A team of researchers from the University of Massachusetts Lowell has developed a technique to enhance the growth of new bones using eggshells. In a statement to UMass Lowell reporters, lead researcher and Assistant Professor in the Department of Chemical Engineering Gulden Camci-Unal stated that “This is the first study that uses eggshell particles in a hydrogel matrix for bone repair…We are very excited about our results, and we anticipate a lot of useful applications of our invention.” She is hopeful that this technique could repair bone injuries due to aging, accidents, diseases such as cancer, or military combat. She also stated that this process might also be used to grow cartilage, teeth, and tendons.
The teams’ research showed that eggshell particles—which are made primarily of calcium carbonate—can increase bone cells’ ability to grow and harden, potentially resulting in faster healing. To prepare the reinforced material for bone grafts, powdered eggshell particles are inserted into a gelatin-based hydrogel mixture, which forms a three-dimensional frame on which the bone cells can grow. Bone cells from the patient are introduced into the substance and cultivated in an incubator. Using bone cells from the patient reduces the possibility of the immune system rejecting the new bone material.
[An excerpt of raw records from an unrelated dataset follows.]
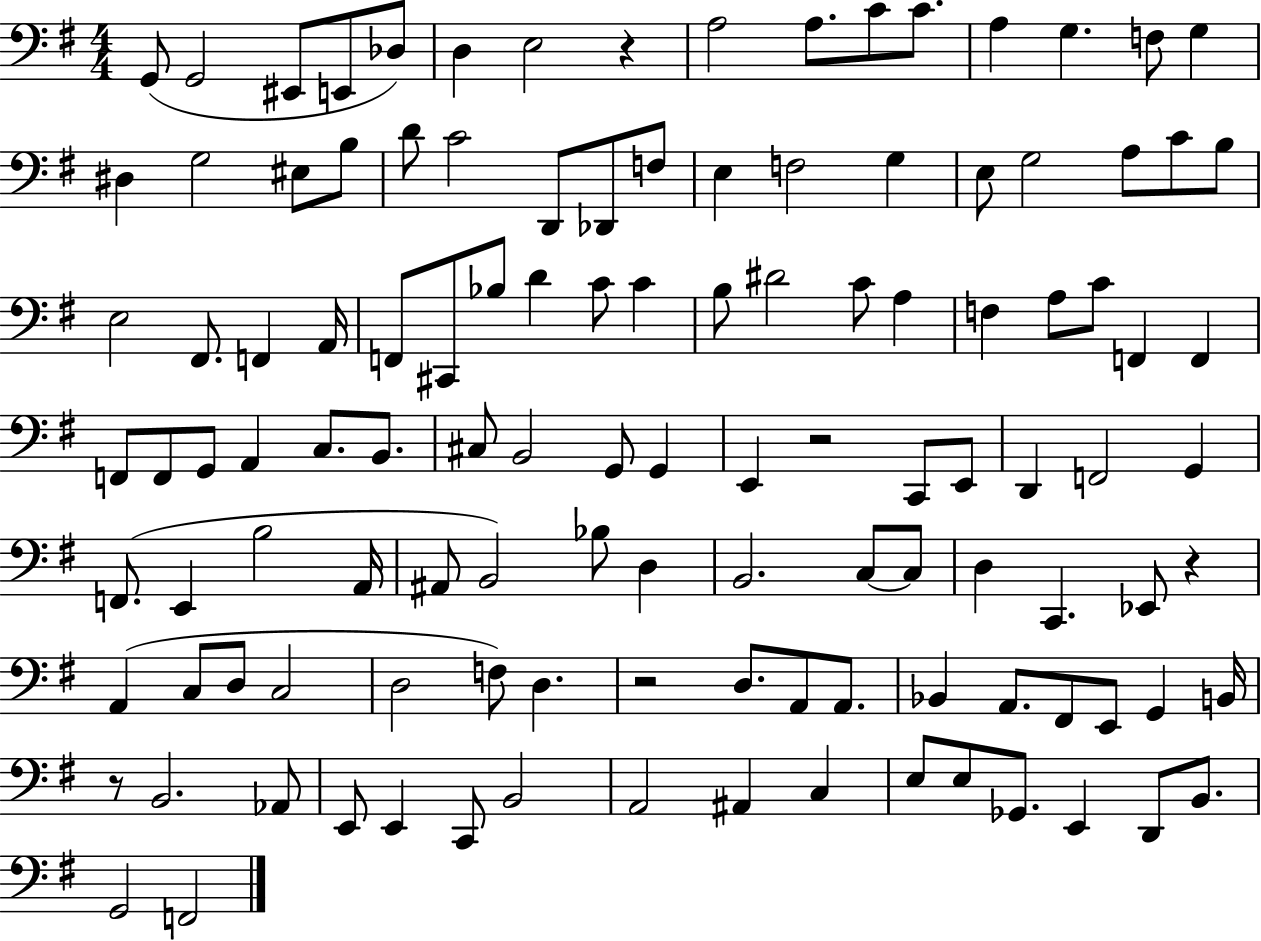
{
  \clef bass
  \numericTimeSignature
  \time 4/4
  \key g \major
  \repeat volta 2 { g,8( g,2 eis,8 e,8 des8) | d4 e2 r4 | a2 a8. c'8 c'8. | a4 g4. f8 g4 | \break dis4 g2 eis8 b8 | d'8 c'2 d,8 des,8 f8 | e4 f2 g4 | e8 g2 a8 c'8 b8 | \break e2 fis,8. f,4 a,16 | f,8 cis,8 bes8 d'4 c'8 c'4 | b8 dis'2 c'8 a4 | f4 a8 c'8 f,4 f,4 | \break f,8 f,8 g,8 a,4 c8. b,8. | cis8 b,2 g,8 g,4 | e,4 r2 c,8 e,8 | d,4 f,2 g,4 | \break f,8.( e,4 b2 a,16 | ais,8 b,2) bes8 d4 | b,2. c8~~ c8 | d4 c,4. ees,8 r4 | \break a,4( c8 d8 c2 | d2 f8) d4. | r2 d8. a,8 a,8. | bes,4 a,8. fis,8 e,8 g,4 b,16 | \break r8 b,2. aes,8 | e,8 e,4 c,8 b,2 | a,2 ais,4 c4 | e8 e8 ges,8. e,4 d,8 b,8. | \break g,2 f,2 | } \bar "|."
}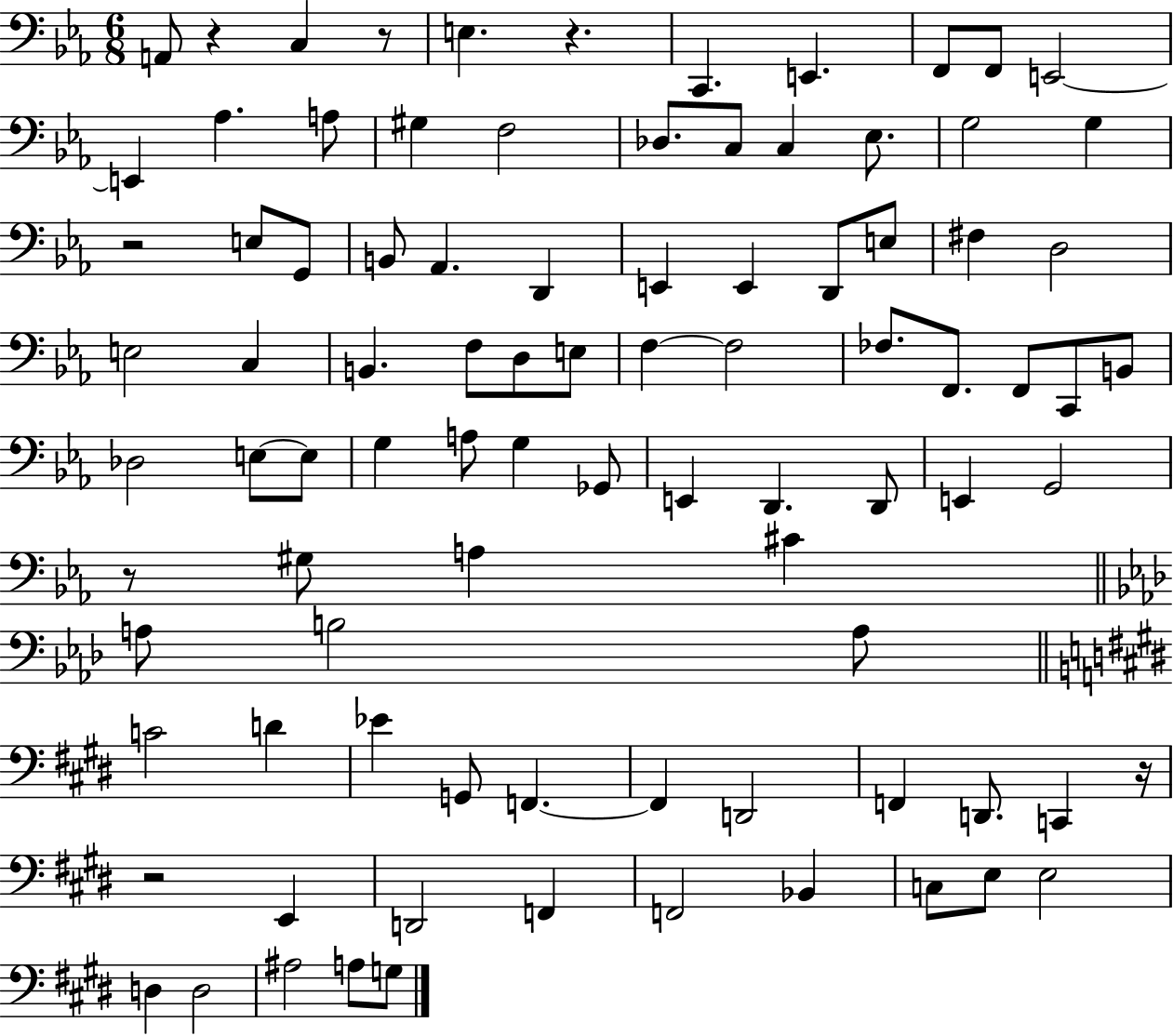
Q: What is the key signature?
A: EES major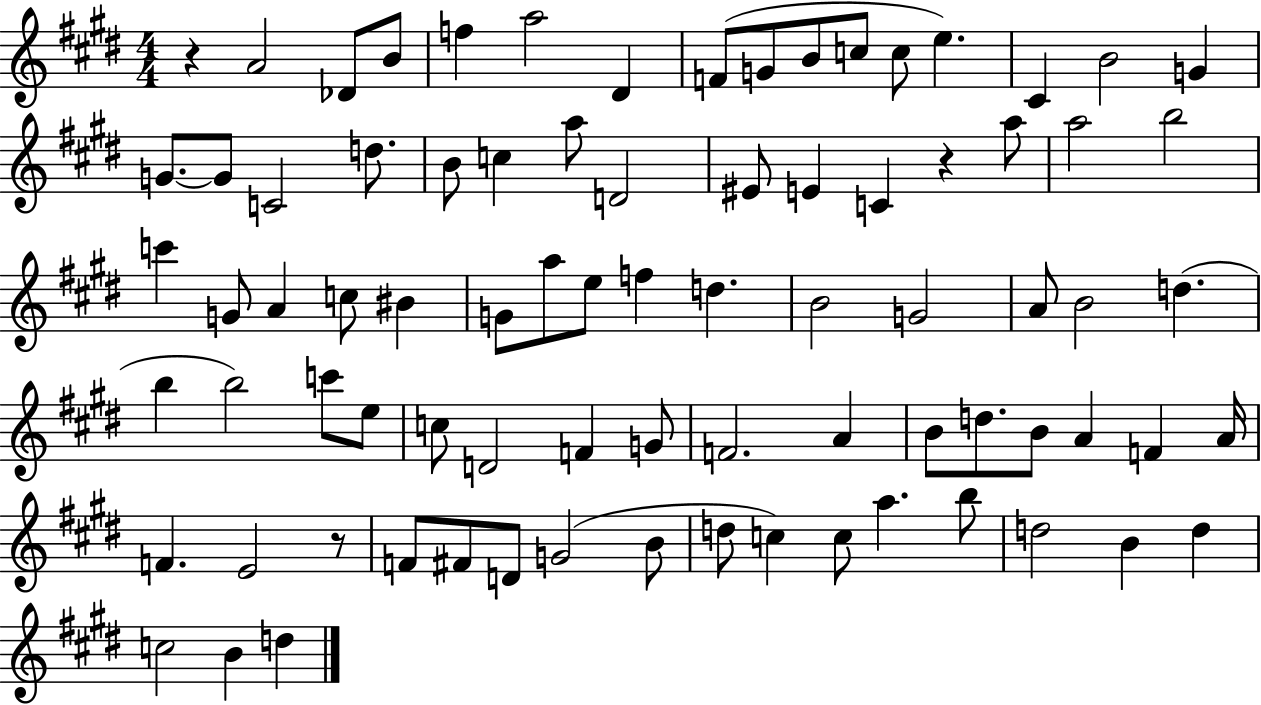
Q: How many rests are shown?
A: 3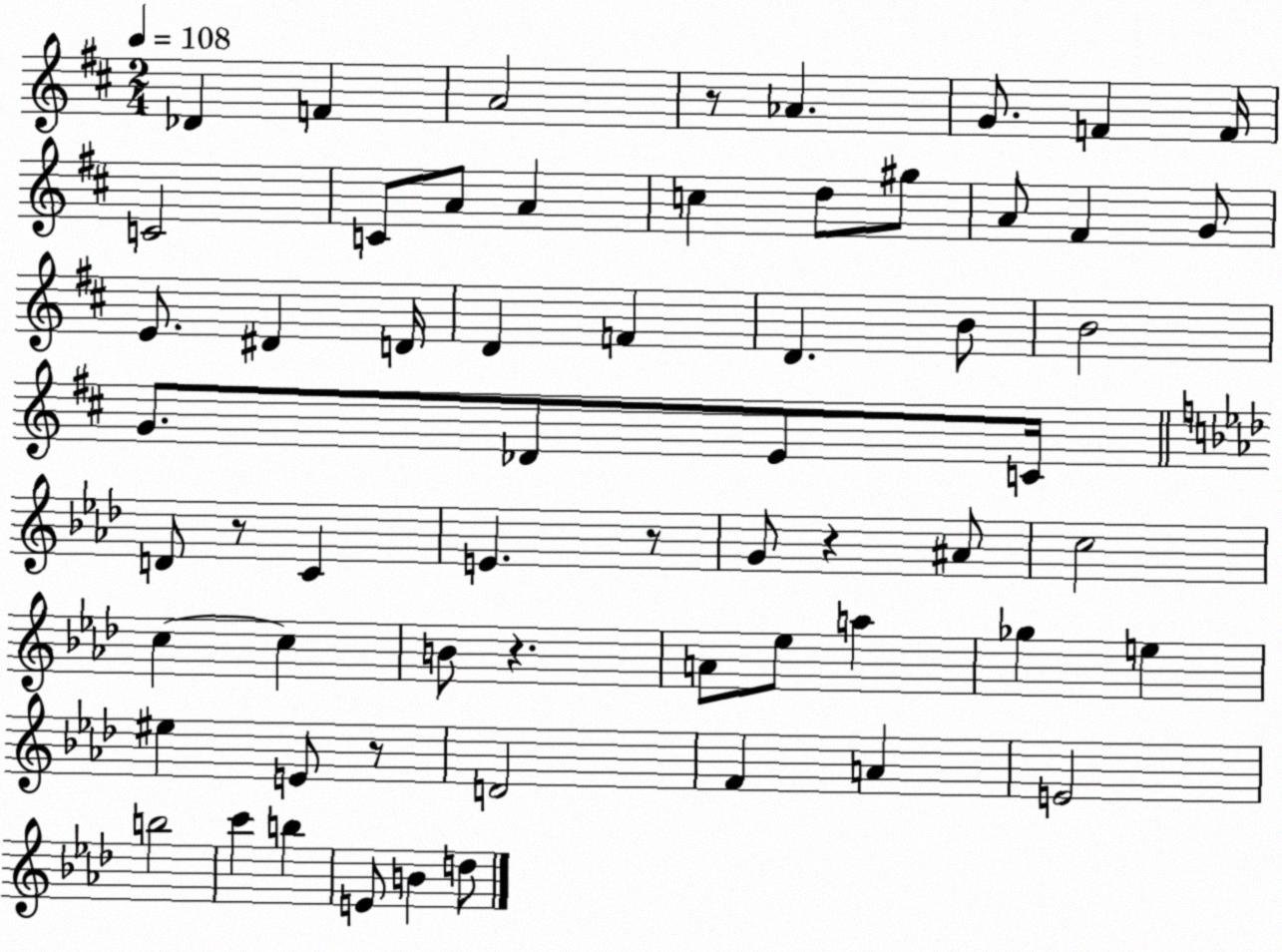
X:1
T:Untitled
M:2/4
L:1/4
K:D
_D F A2 z/2 _A G/2 F F/4 C2 C/2 A/2 A c d/2 ^g/2 A/2 ^F G/2 E/2 ^D D/4 D F D B/2 B2 G/2 _D/2 E/2 C/4 D/2 z/2 C E z/2 G/2 z ^A/2 c2 c c B/2 z A/2 _e/2 a _g e ^e E/2 z/2 D2 F A E2 b2 c' b E/2 B d/2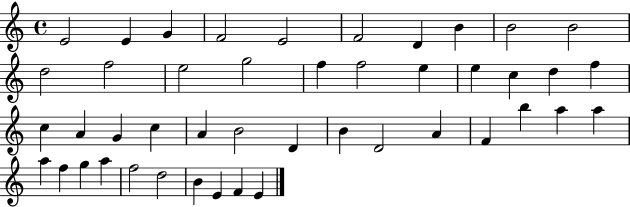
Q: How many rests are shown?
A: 0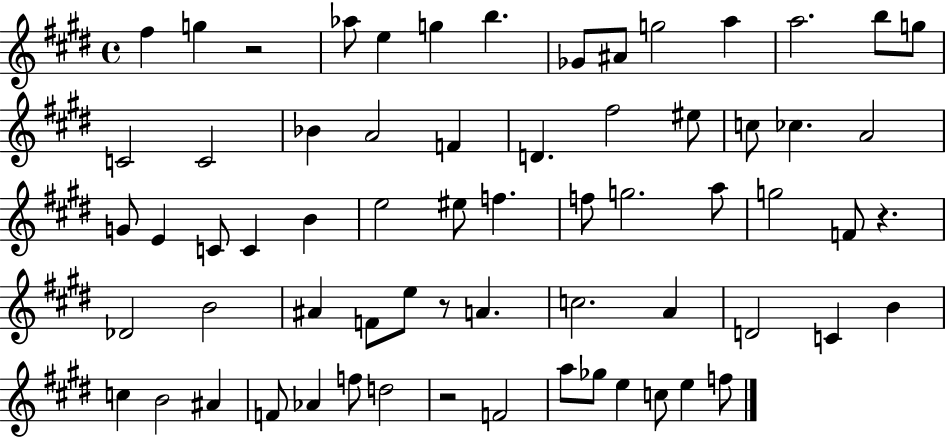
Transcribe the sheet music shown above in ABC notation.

X:1
T:Untitled
M:4/4
L:1/4
K:E
^f g z2 _a/2 e g b _G/2 ^A/2 g2 a a2 b/2 g/2 C2 C2 _B A2 F D ^f2 ^e/2 c/2 _c A2 G/2 E C/2 C B e2 ^e/2 f f/2 g2 a/2 g2 F/2 z _D2 B2 ^A F/2 e/2 z/2 A c2 A D2 C B c B2 ^A F/2 _A f/2 d2 z2 F2 a/2 _g/2 e c/2 e f/2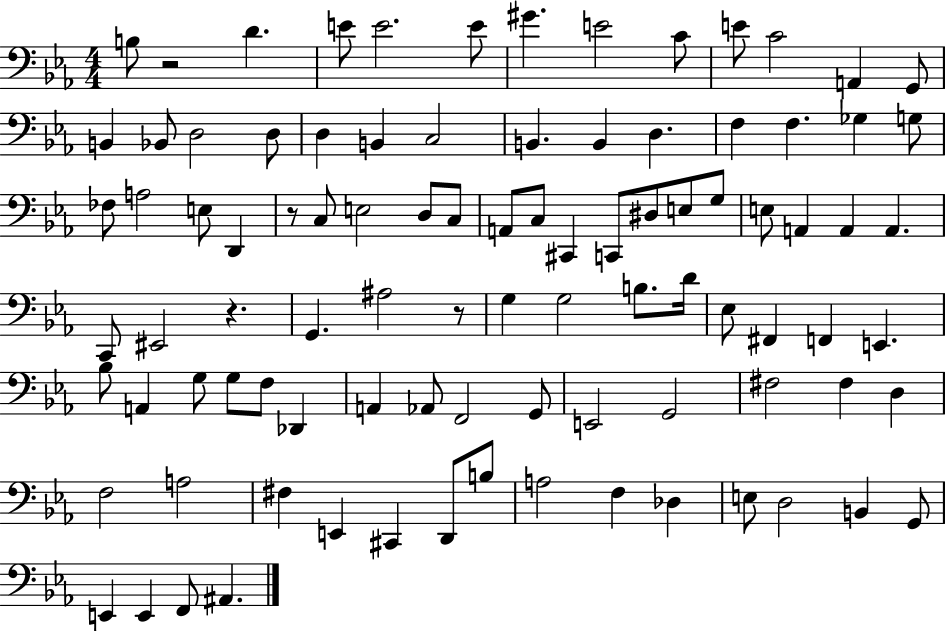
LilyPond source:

{
  \clef bass
  \numericTimeSignature
  \time 4/4
  \key ees \major
  b8 r2 d'4. | e'8 e'2. e'8 | gis'4. e'2 c'8 | e'8 c'2 a,4 g,8 | \break b,4 bes,8 d2 d8 | d4 b,4 c2 | b,4. b,4 d4. | f4 f4. ges4 g8 | \break fes8 a2 e8 d,4 | r8 c8 e2 d8 c8 | a,8 c8 cis,4 c,8 dis8 e8 g8 | e8 a,4 a,4 a,4. | \break c,8 eis,2 r4. | g,4. ais2 r8 | g4 g2 b8. d'16 | ees8 fis,4 f,4 e,4. | \break bes8 a,4 g8 g8 f8 des,4 | a,4 aes,8 f,2 g,8 | e,2 g,2 | fis2 fis4 d4 | \break f2 a2 | fis4 e,4 cis,4 d,8 b8 | a2 f4 des4 | e8 d2 b,4 g,8 | \break e,4 e,4 f,8 ais,4. | \bar "|."
}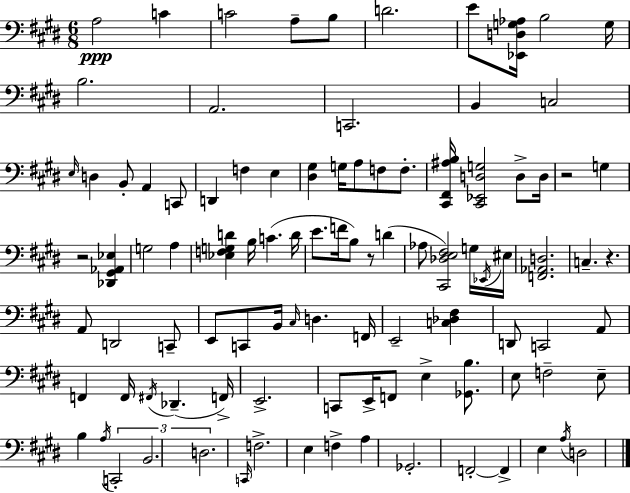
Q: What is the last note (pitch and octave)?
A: D3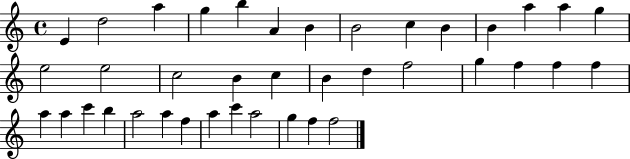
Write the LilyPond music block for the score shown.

{
  \clef treble
  \time 4/4
  \defaultTimeSignature
  \key c \major
  e'4 d''2 a''4 | g''4 b''4 a'4 b'4 | b'2 c''4 b'4 | b'4 a''4 a''4 g''4 | \break e''2 e''2 | c''2 b'4 c''4 | b'4 d''4 f''2 | g''4 f''4 f''4 f''4 | \break a''4 a''4 c'''4 b''4 | a''2 a''4 f''4 | a''4 c'''4 a''2 | g''4 f''4 f''2 | \break \bar "|."
}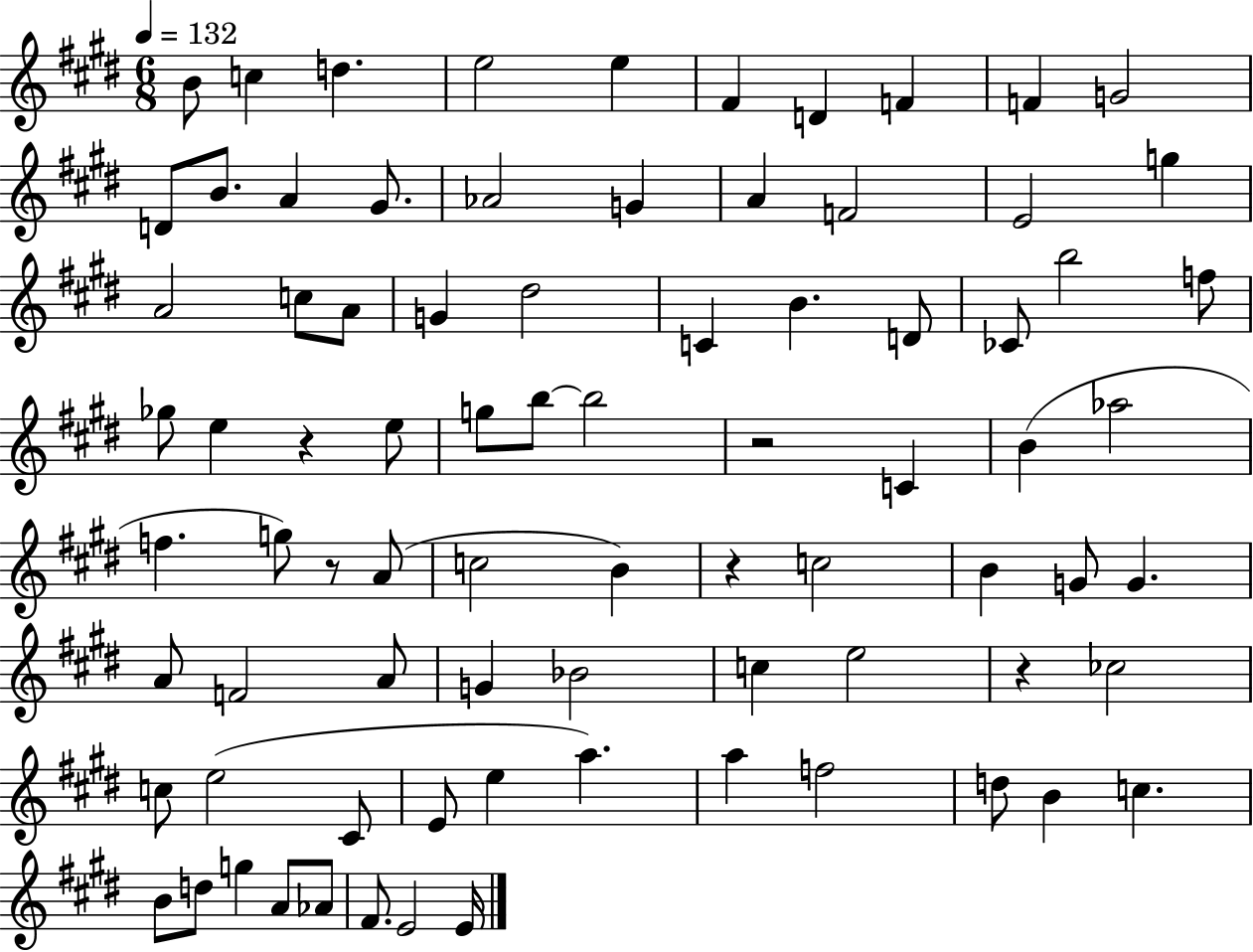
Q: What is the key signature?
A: E major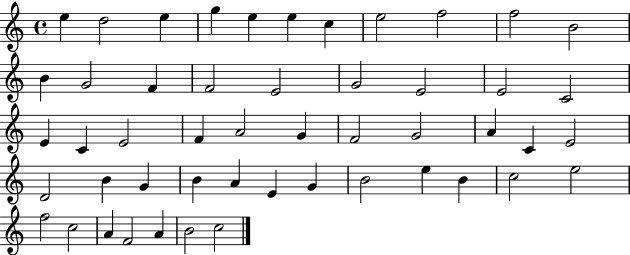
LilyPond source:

{
  \clef treble
  \time 4/4
  \defaultTimeSignature
  \key c \major
  e''4 d''2 e''4 | g''4 e''4 e''4 c''4 | e''2 f''2 | f''2 b'2 | \break b'4 g'2 f'4 | f'2 e'2 | g'2 e'2 | e'2 c'2 | \break e'4 c'4 e'2 | f'4 a'2 g'4 | f'2 g'2 | a'4 c'4 e'2 | \break d'2 b'4 g'4 | b'4 a'4 e'4 g'4 | b'2 e''4 b'4 | c''2 e''2 | \break f''2 c''2 | a'4 f'2 a'4 | b'2 c''2 | \bar "|."
}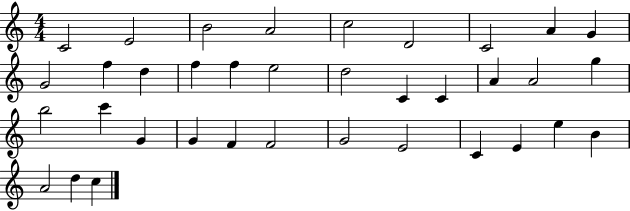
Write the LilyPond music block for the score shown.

{
  \clef treble
  \numericTimeSignature
  \time 4/4
  \key c \major
  c'2 e'2 | b'2 a'2 | c''2 d'2 | c'2 a'4 g'4 | \break g'2 f''4 d''4 | f''4 f''4 e''2 | d''2 c'4 c'4 | a'4 a'2 g''4 | \break b''2 c'''4 g'4 | g'4 f'4 f'2 | g'2 e'2 | c'4 e'4 e''4 b'4 | \break a'2 d''4 c''4 | \bar "|."
}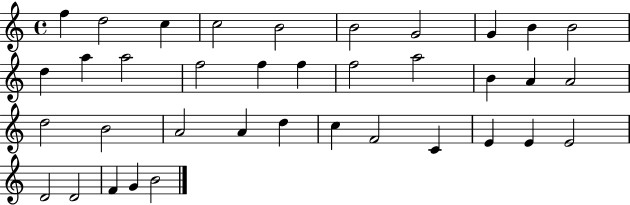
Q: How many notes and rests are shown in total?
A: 37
In addition to providing a novel and potentially more successful technique for bone grafting and repair, this procedure is also sustainable and reduces worldwide eggshell waste. Camci-Unal told UMass Lowell reporters that, “Global waste of discarded eggshells typically amounts to millions of tons annually from household and commercial cooking. By repurposing eggshells, we can directly benefit the economy and the environment while providing a sustainable solution to unmet clinical needs.”
Camci-Unal is hopeful that this technique will be useful in a variety of biomedical applications. As she told UMass Lowell reporters, “Our eggshell particle-reinforced scaffolds can potentially be used in dental implants, as well as reconstructive surgeries of the skull, jaw, and face.” Beyond tissue regeneration, she believes that “eggshell particles can also be used as a possible vehicle for delivering small molecules such as growth factors, proteins, peptides, genes, and therapeutic drugs.”
The results of the research team’s findings were published in Biomaterials Science and will also be featured on the cover of the print edition of the publication this month.